* [Exercise material]:
□ □ □ □ □ □ □

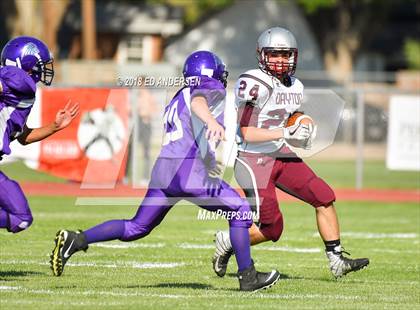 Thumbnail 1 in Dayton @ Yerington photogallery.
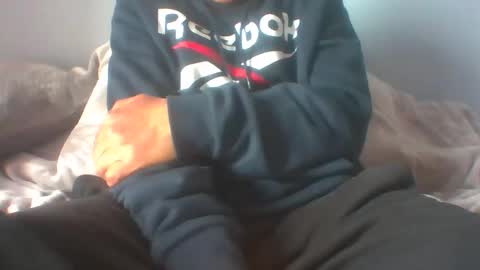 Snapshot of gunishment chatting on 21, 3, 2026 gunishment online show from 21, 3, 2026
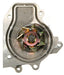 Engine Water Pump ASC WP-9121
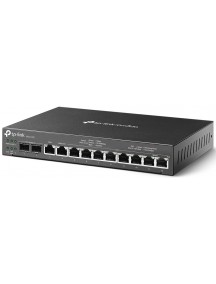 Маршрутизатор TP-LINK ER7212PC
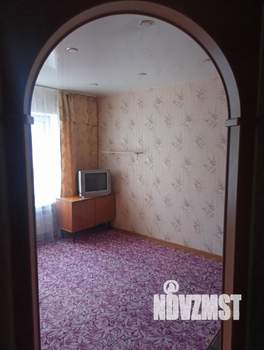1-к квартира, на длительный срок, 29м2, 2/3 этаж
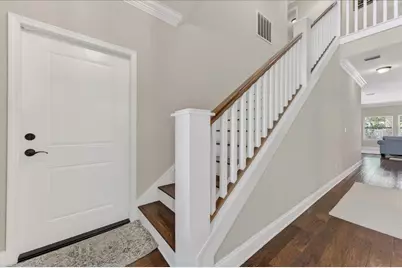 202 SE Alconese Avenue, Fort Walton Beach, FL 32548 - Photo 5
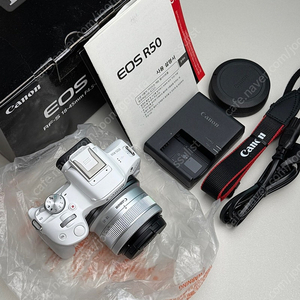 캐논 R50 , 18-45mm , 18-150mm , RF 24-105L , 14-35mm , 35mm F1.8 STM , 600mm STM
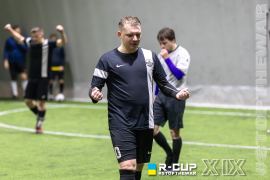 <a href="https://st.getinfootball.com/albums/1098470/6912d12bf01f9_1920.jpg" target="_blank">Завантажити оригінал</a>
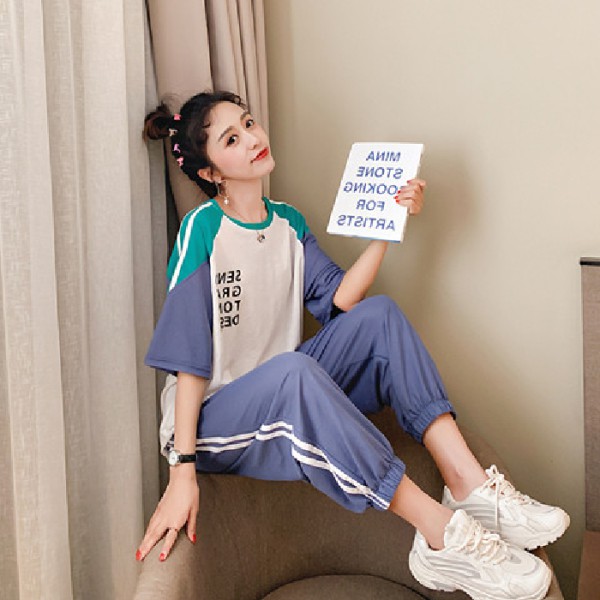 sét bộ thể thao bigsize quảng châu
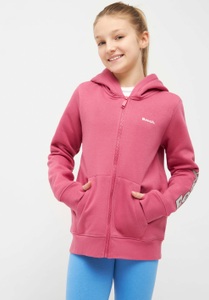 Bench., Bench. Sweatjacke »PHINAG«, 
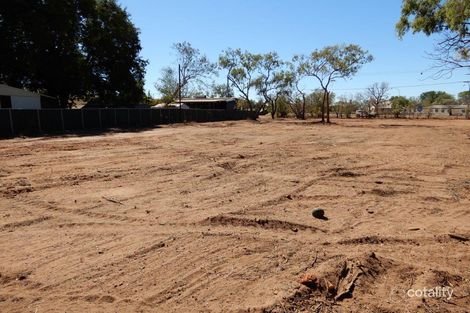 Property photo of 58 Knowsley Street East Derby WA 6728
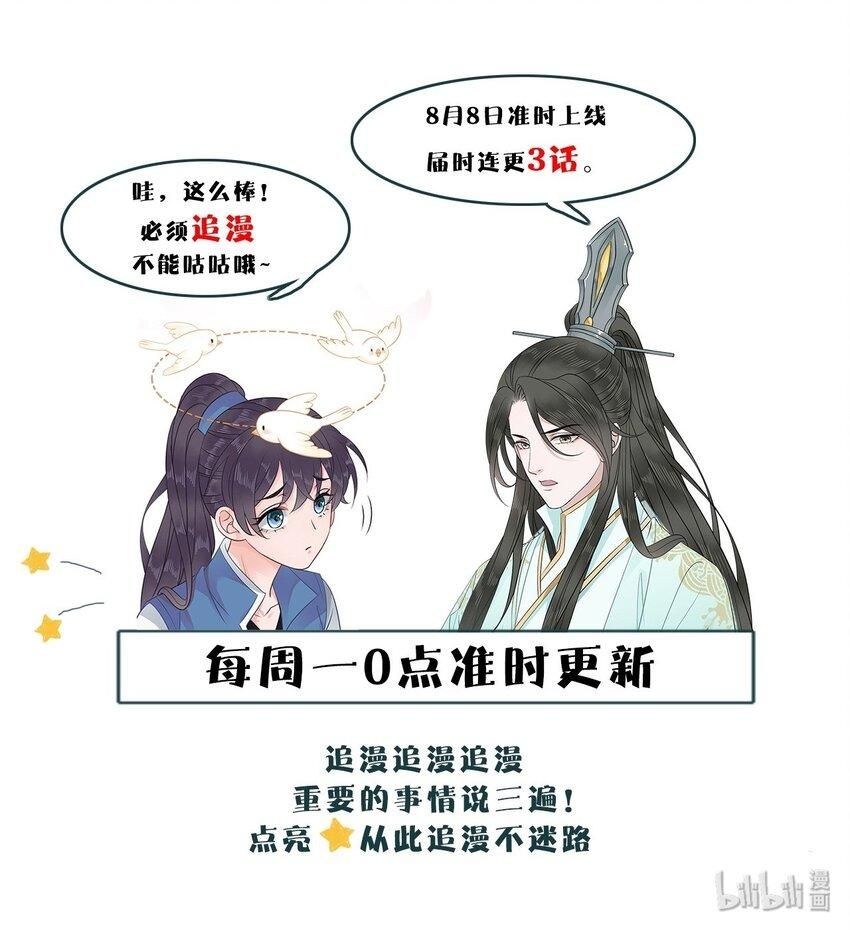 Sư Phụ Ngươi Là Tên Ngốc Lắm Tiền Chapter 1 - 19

□ □ □ □ □ □ □

* [What the task asks]: Your answer must be the lines from the one containing "캐논 R50 , 18-45mm" through the last line of the records, copied exactly, with no pictures.

* [Task output]:
 캐논 R50 , 18-45mm , 18-150mm , RF 24-105L , 14-35mm , 35mm F1.8 STM , 600mm STM
 <a href="https://st.getinfootball.com/albums/1098470/6912d12bf01f9_1920.jpg" target="_blank">Завантажити оригінал</a>
 sét bộ thể thao bigsize quảng châu
 Bench., Bench. Sweatjacke »PHINAG«, 
 Property photo of 58 Knowsley Street East Derby WA 6728
 Sư Phụ Ngươi Là Tên Ngốc Lắm Tiền Chapter 1 - 19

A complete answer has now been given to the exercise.